** Opening PROVIDED INFORMATION block **
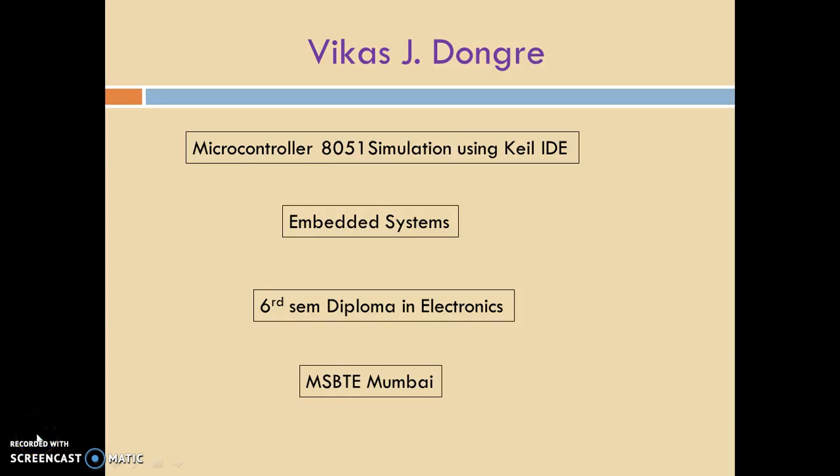Hello, my name is Vikas Dongre. Today we will see Microcontroller 8051 simulation using Keil IDE. This topic belongs to the subject Embedded System which is in the sixth semester of Diploma in Electronics.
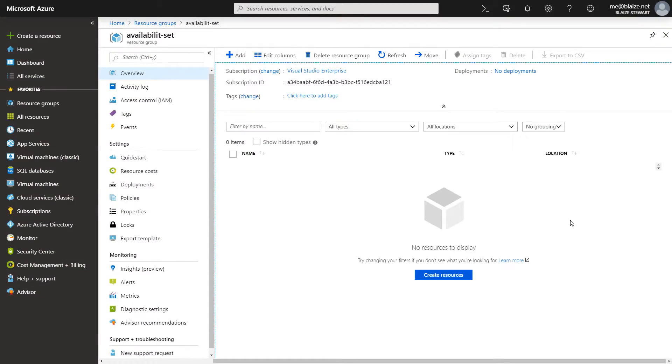This update domain combined with the fault domain creates a set of technologies that can provide high availability to your applications running on Microsoft Azure. When you set your virtual machines up in a cluster configuration — whatever it might be — make sure that you select an appropriate number of fault domains and an appropriate number of update domains in your availability set.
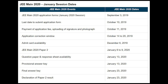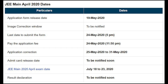JEE Main Paper 2 was conducted in January 2020, from January 6 to January 9. The question paper and response sheet were available on January 13, the provisional answer key was released on the same date, the final answer key was released on January 23, and the declaration of Paper 2 results was done on January 31. These dates were for the JEE Main 2020 January session.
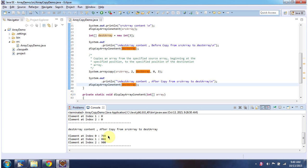And this is about how to copy elements from a source array to a destination array. Thanks for watching.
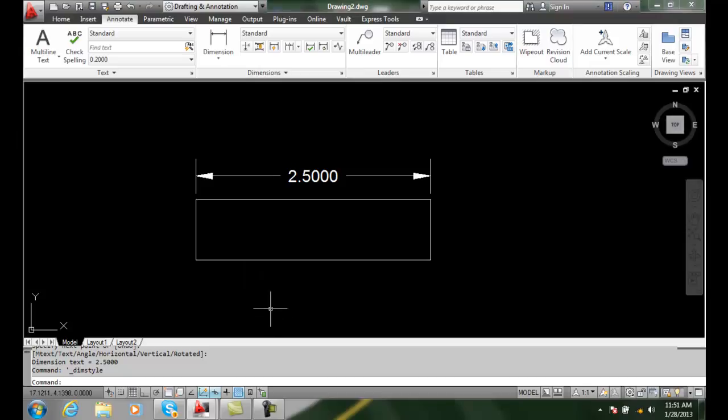Creating inspection dimensions. Whenever we're manufacturing products or fabricating products, we may need to check the correct size or location of some portion of the product.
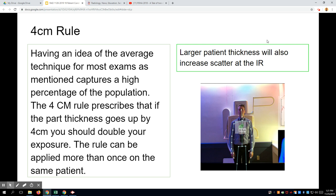There's the 4CM rule. It essentially says: if you have a technique that works for a particular thickness, and that thickness becomes 4CM bigger, you should approximately double your exposure. Or half your exposure if you go down by 4CM. It's more of a rule of thumb, because you don't really know what the pathology is that may be increasing the size. There's a difference between someone's ankle being larger because of body composition versus being swollen with edema from a fracture, because fluid and soft tissue have different densities.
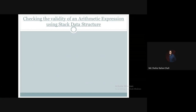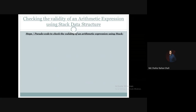Hello, welcome to the data structures course. In this tutorial, we will be introduced to the pseudocode or steps of how to check the validity of an arithmetic expression using the stack data structure, based on the presence of parentheses, braces, or brackets within the arithmetic expression.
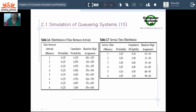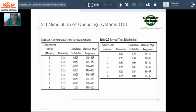Now for the service time distribution table, in the same way we generate the cumulative probability. The first value is the same as the probability, the second is the addition of the previous plus the current probability, giving 0.37, and so on — if the last value is 1, the calculation is done properly. For random digit assignment: 1 to 10, then 11 to 30, 31 to 60, and so on.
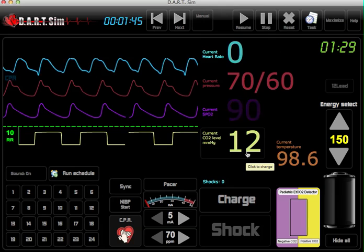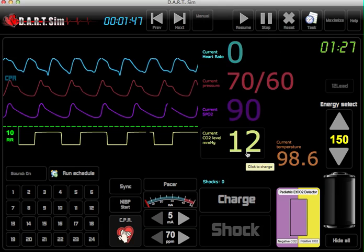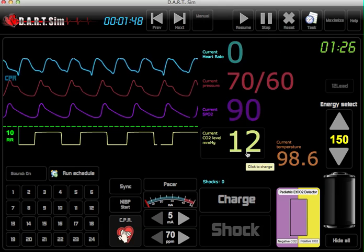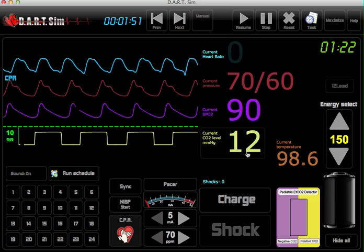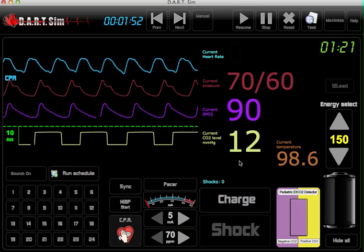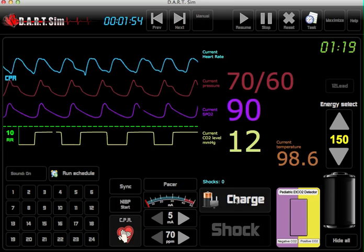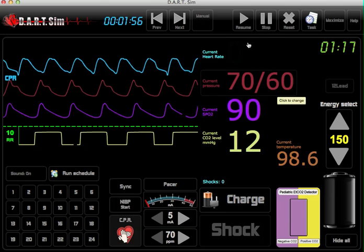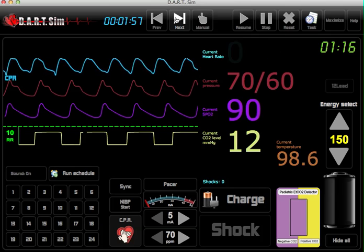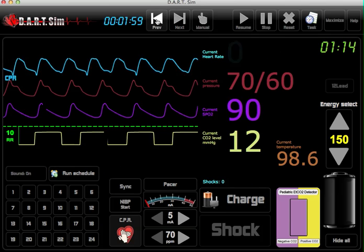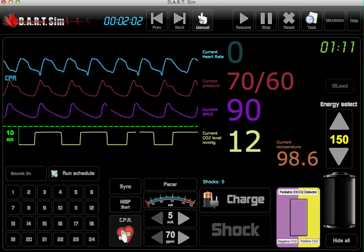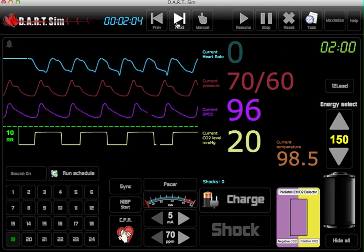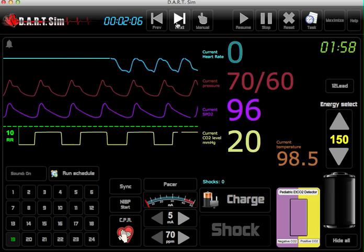You can also adjust that to simulate return of spontaneous circulation. Again, we can charge and shock. You can also reverse or go to manual mode at any time. So if we go to the next scenario, it looks like we have asystole.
** Closing PROVIDED INFORMATION block **
TRY IT: What is needed is an exact copy of the data, with the pictures removed.

TASK RESULT:
Hello, my name is Vikas Dongre. Today we will see Microcontroller 8051 simulation using Keil IDE. This topic belongs to the subject Embedded System which is in the sixth semester of Diploma in Electronics.
This update domain combined with the fault domain creates a set of technologies that can provide high availability to your applications running on Microsoft Azure. When you set your virtual machines up in a cluster configuration — whatever it might be — make sure that you select an appropriate number of fault domains and an appropriate number of update domains in your availability set.
JEE Main Paper 2 was conducted in January 2020, from January 6 to January 9. The question paper and response sheet were available on January 13, the provisional answer key was released on the same date, the final answer key was released on January 23, and the declaration of Paper 2 results was done on January 31. These dates were for the JEE Main 2020 January session.
And this is about how to copy elements from a source array to a destination array. Thanks for watching.
Creating inspection dimensions. Whenever we're manufacturing products or fabricating products, we may need to check the correct size or location of some portion of the product.
There's the 4CM rule. It essentially says: if you have a technique that works for a particular thickness, and that thickness becomes 4CM bigger, you should approximately double your exposure. Or half your exposure if you go down by 4CM. It's more of a rule of thumb, because you don't really know what the pathology is that may be increasing the size. There's a difference between someone's ankle being larger because of body composition versus being swollen with edema from a fracture, because fluid and soft tissue have different densities.
Hello, welcome to the data structures course. In this tutorial, we will be introduced to the pseudocode or steps of how to check the validity of an arithmetic expression using the stack data structure, based on the presence of parentheses, braces, or brackets within the arithmetic expression.
Now for the service time distribution table, in the same way we generate the cumulative probability. The first value is the same as the probability, the second is the addition of the previous plus the current probability, giving 0.37, and so on — if the last value is 1, the calculation is done properly. For random digit assignment: 1 to 10, then 11 to 30, 31 to 60, and so on.
You can also adjust that to simulate return of spontaneous circulation. Again, we can charge and shock. You can also reverse or go to manual mode at any time. So if we go to the next scenario, it looks like we have asystole.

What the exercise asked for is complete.